Partition uses rocPRIM's partition
under the hood, copy_if
and remove_if
use rocprim::select
. rocprim::select
and rocprim::partition
are both implemented with the same parameterized kernel partition_impl
in rocPRIM (along with other things it gets quite hairy)
Interestingly, part of the problem is that rocprim::partition
has the same interface as you're emulating here with reverse iterators, i.e. it compacts the unselected items to the end of the (single) output range in reverse order. Because of this rocThrust has an additional copy in partition
to copy the range to the two iterators and reverse the unselected range.
I'm fairly sure this is what you're seeing here, it also explains the 2x performance difference, especially since the predicate is very trivial compared to the cost of copying ~70 bytes per item.
The interface that is expected by rocThrust could be made in rocPRIM to resolve this, all the pieces are already there, I think long term that is what should be done.
Until that is resolved you could use CUB / hipCUB DeviceSelect::If
or rocprim::partition
Thanks, the details are much appreciated.

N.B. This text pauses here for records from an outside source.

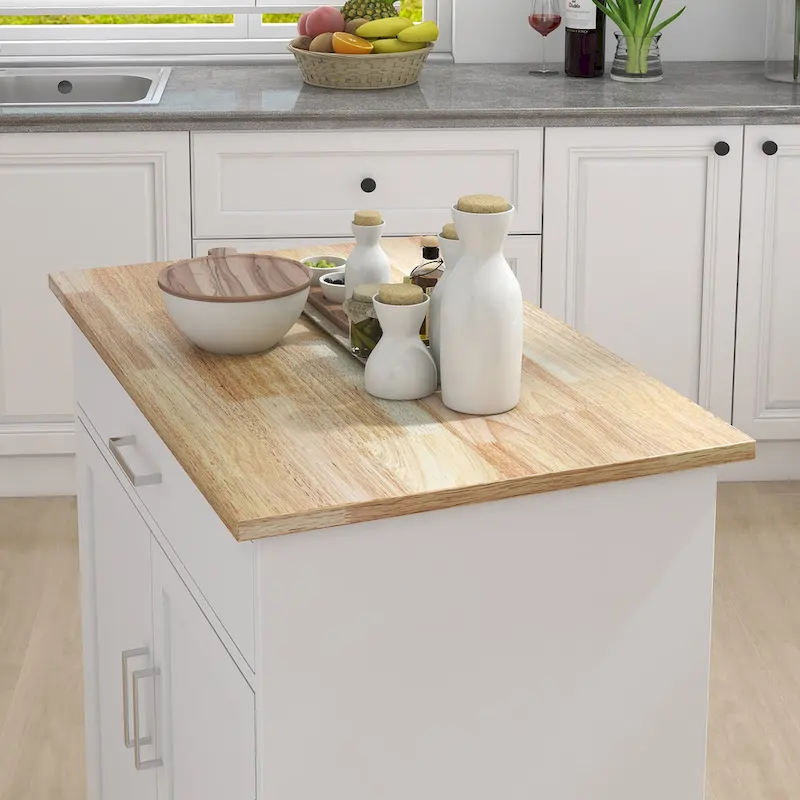 Kitchen Island Cart with Solid Wood Top, Cabinet, Drawers & Locking Wheels
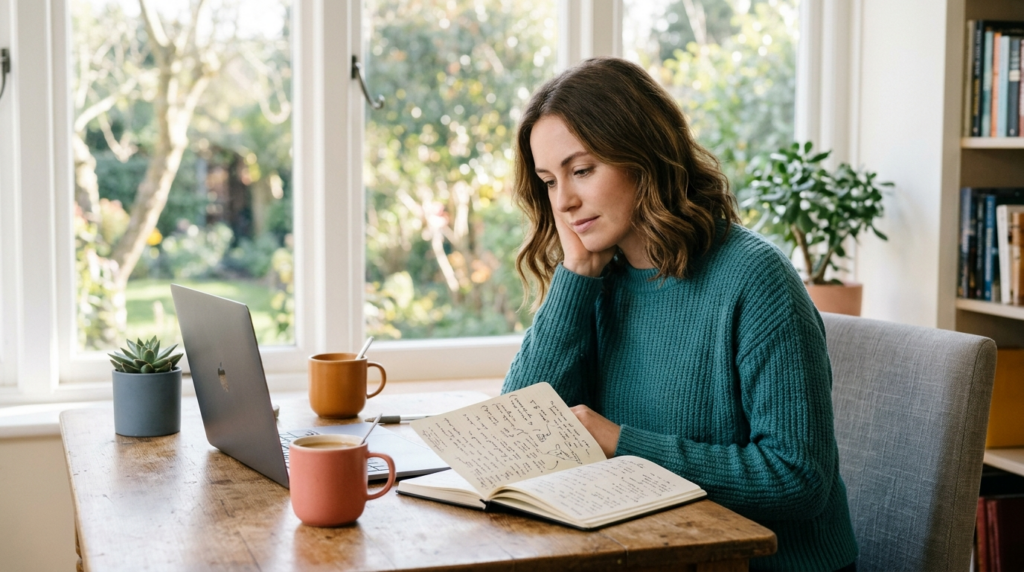 Professional at a sunlit desk reviewing a notebook of past accomplishments before a performance review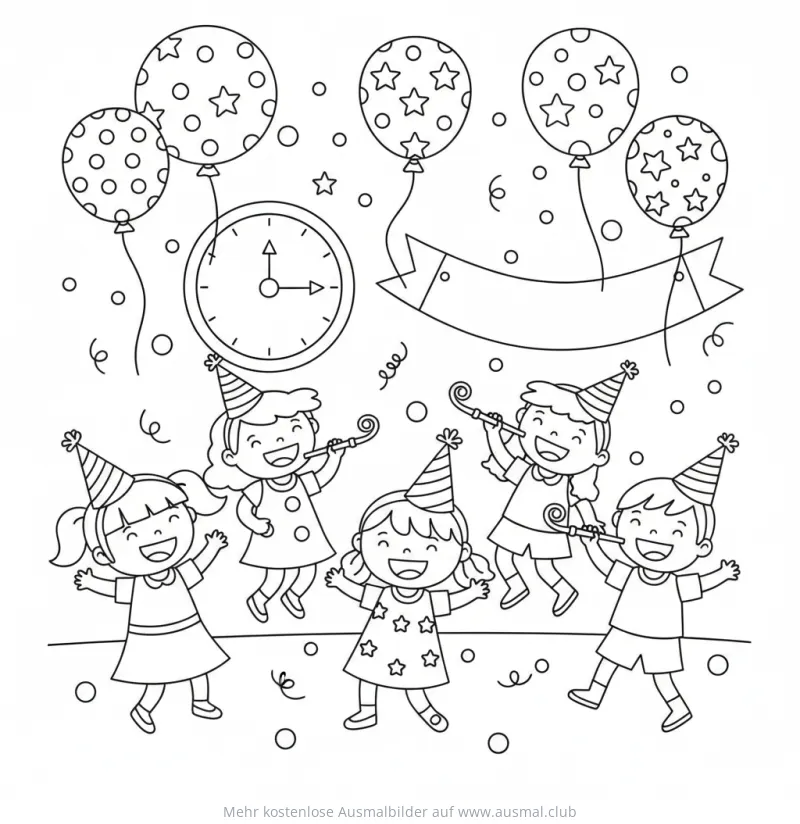 Silvesterparty mit Kindern, Ballons und Uhr Ausmalbild
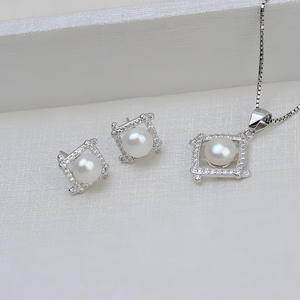 Boucles d'oreilles carrées en argent S925 pour femmes, 5-7 perles, accessoires de bijoux DIY, support vide pour ensembles de bijoux fins semi-finis - Product Image 2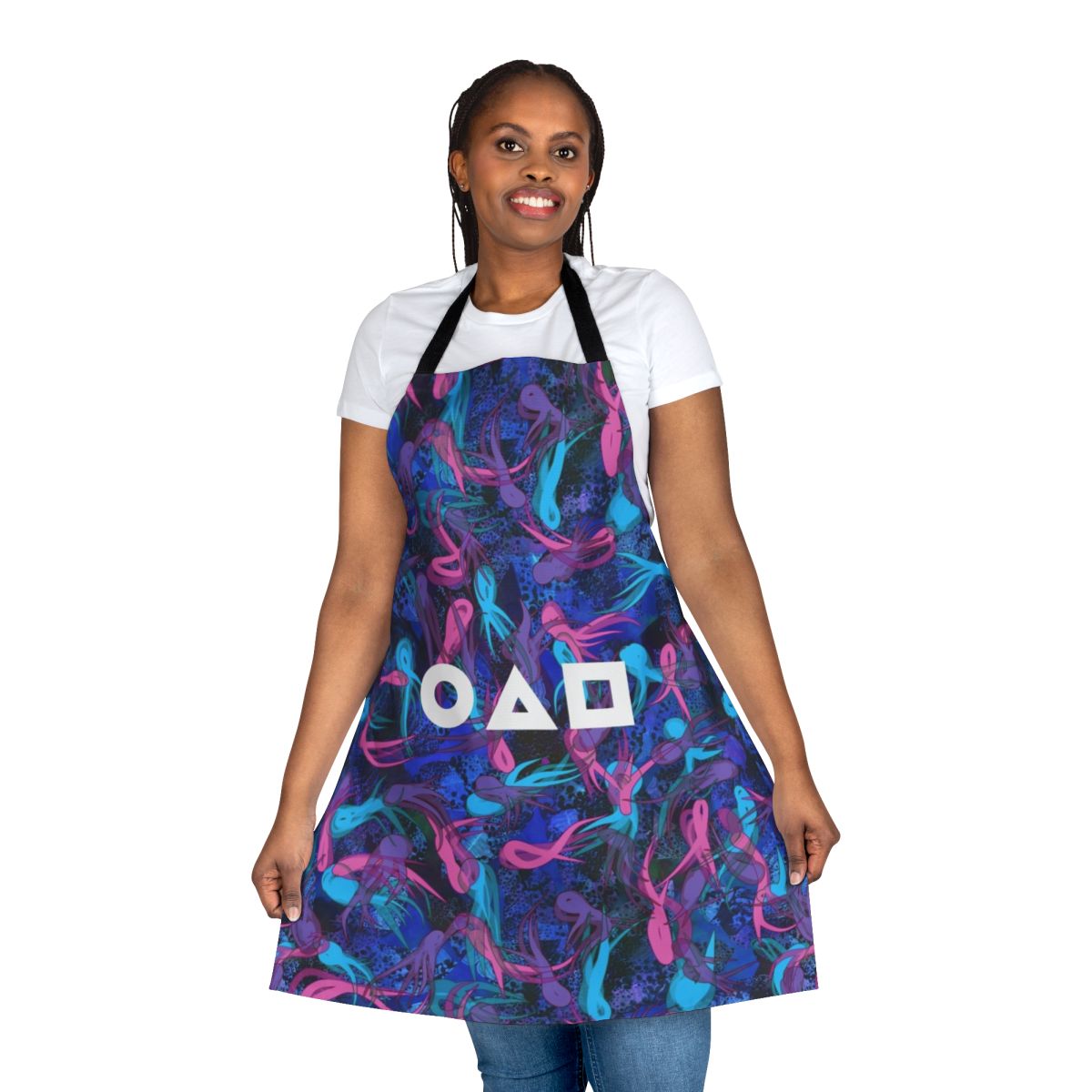 Squid Game-inspired survival pattern apron for fans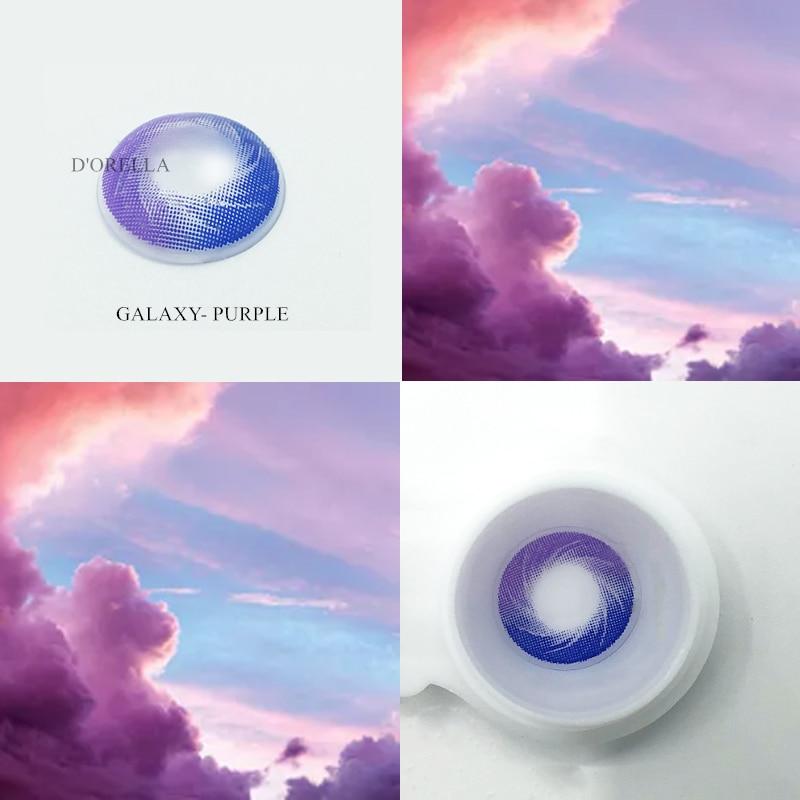 D'ORELLA 1 пара (2 шт.) цветных контактных линз серии GALAXY, косметические контакты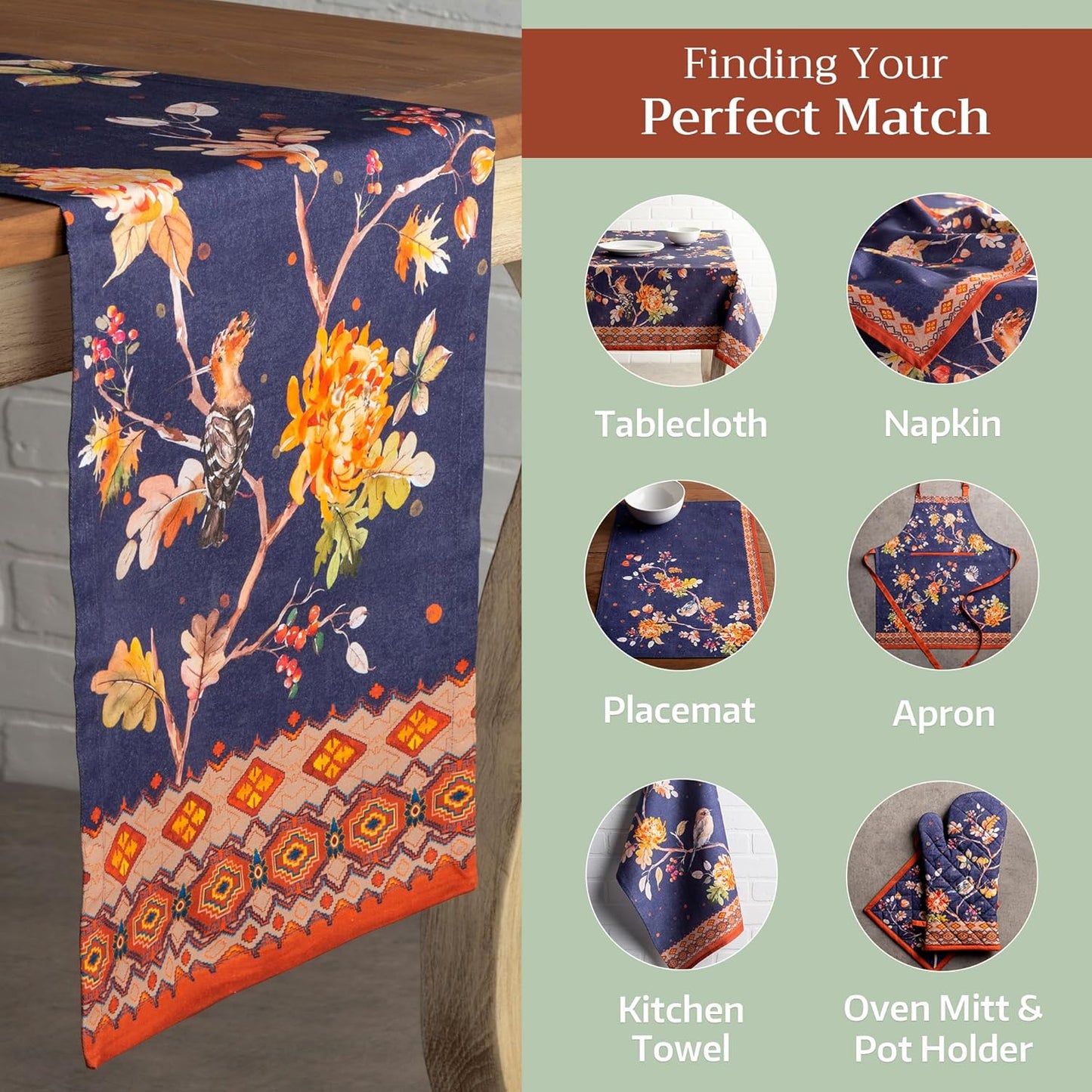 Maison d' Hermine Table Runner 100% Cotton Single Layer Table Runners 72 inches Long for Thanksgiving Christmas Decorations Home Kitchen Dining Party Wedding (Kelim - Infinity, 14.5" x 72")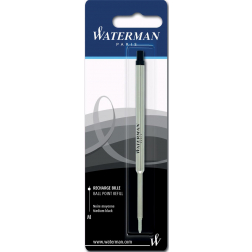 Waterman recharge pour stylo bille moyenne, noir, sous blister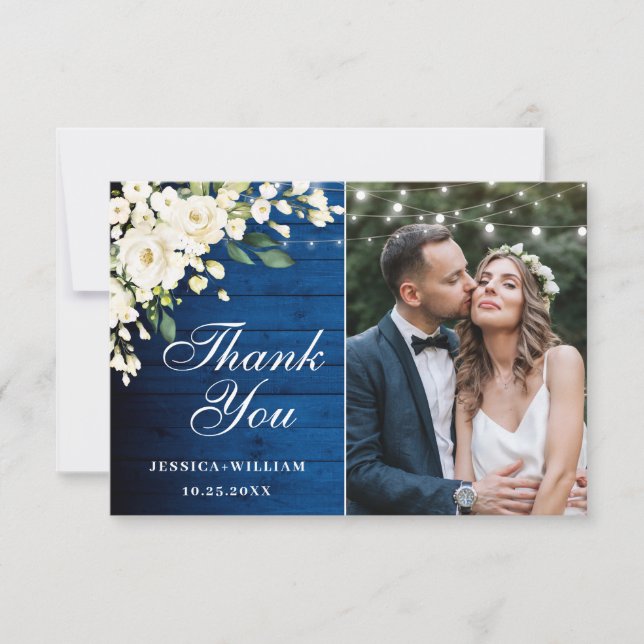 Carte De Remerciements Royal Blue Wood Roses blanches Floral Lanterne Pho (Devant)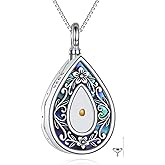 URONE Mustard Seed Urn Necklace for Ashes Sterling Silver Flower Pendant Memorial Gifts Keepsake Memory Cremation Jewelry for Women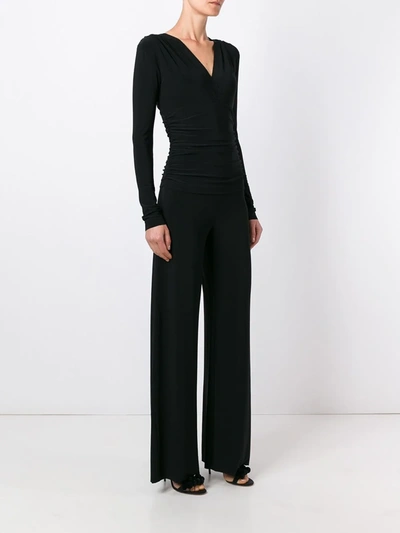 Shop Norma Kamali V-neck Jumpsuit In Black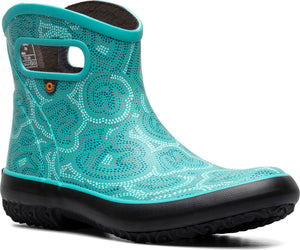 Turquoise and white dotted patterned rain boot with a black sole and turquoise trim.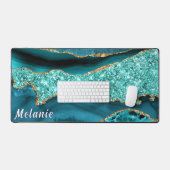 Blauwgroen Blue Gold Glitter Desk Mat met Aangepas (Keyboard & Muis)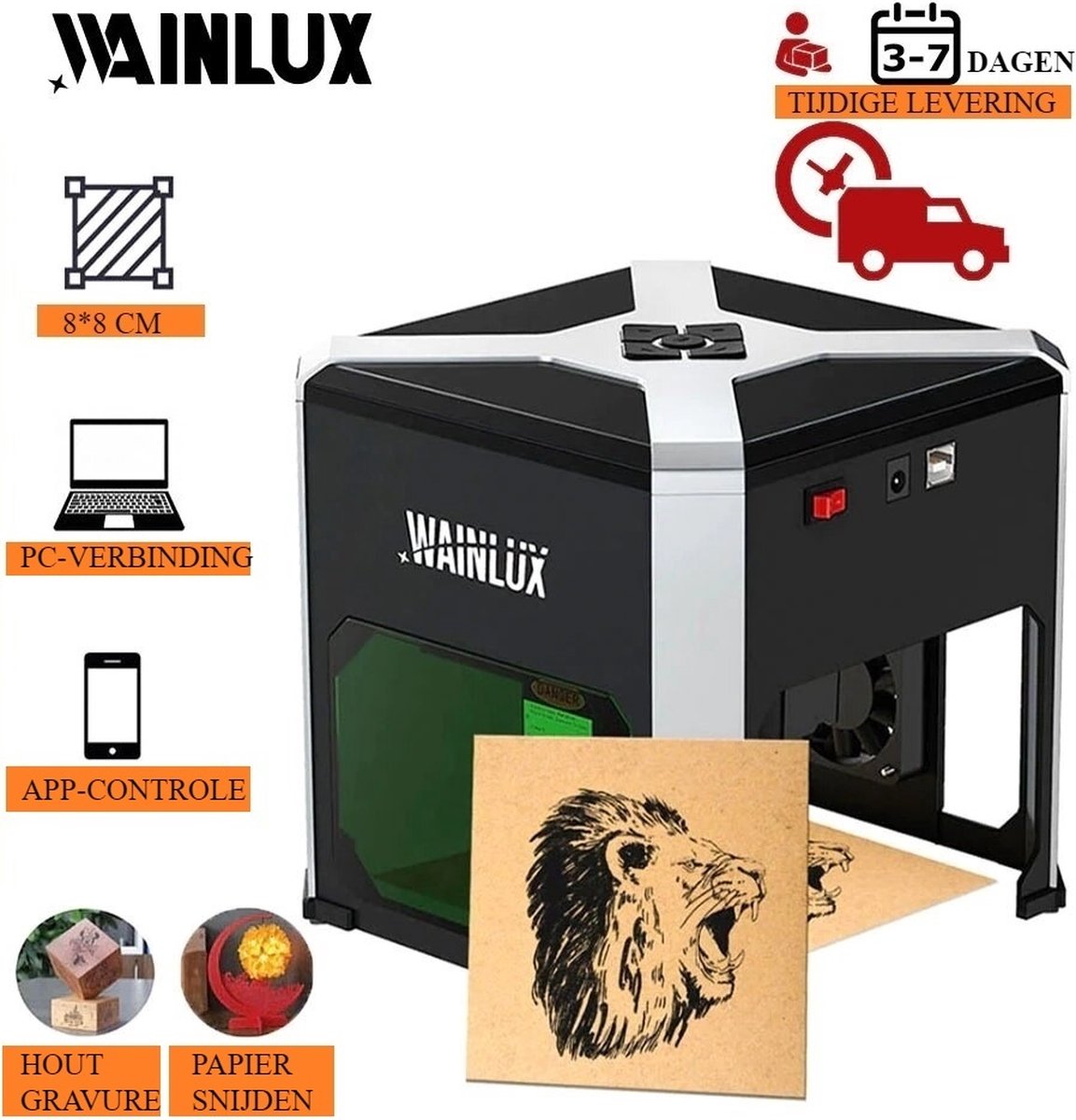 Wainlux® Graveermachine – Bluetooth Mini Laser Graveermachine – Mark Printer Cutter Houtbewerking Hout Plastic – Eenvoudig In Gebruik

Regarding rocThrust's interface, I do not understand why the reversing of the out_false range is necessary. The postcondition is just a partition, not stable partition.
@Maetveis Can you please review this issue?
Regarding rocThrust's interface, I do not understand why the reversing of the out_false range is necessary. The postcondition is just a partition, not stable partition.
It's because that's the behavior of Thrust and due to Hyrum's Law it was probably best to match that instead of strictly interpreting what the documentation actually promises.
I was not yet involved with this project when this function was implemented, but some tests could also depend on this (overly constrained) behavior by mistake.
Reversing the range does not add a considerable overhead over the extra copy anyway, so it makes some sense to emulate Thrust's behavior.
@doctorcolinsmith, should we track this possible performance improvement here, or create an issue over at rocPRIM for the interface?
We are still considering this recommendation.
On rocprim's side: partition_two_way
has been merged. I hope to get the PR for rocThrust out sometime this week or early next week.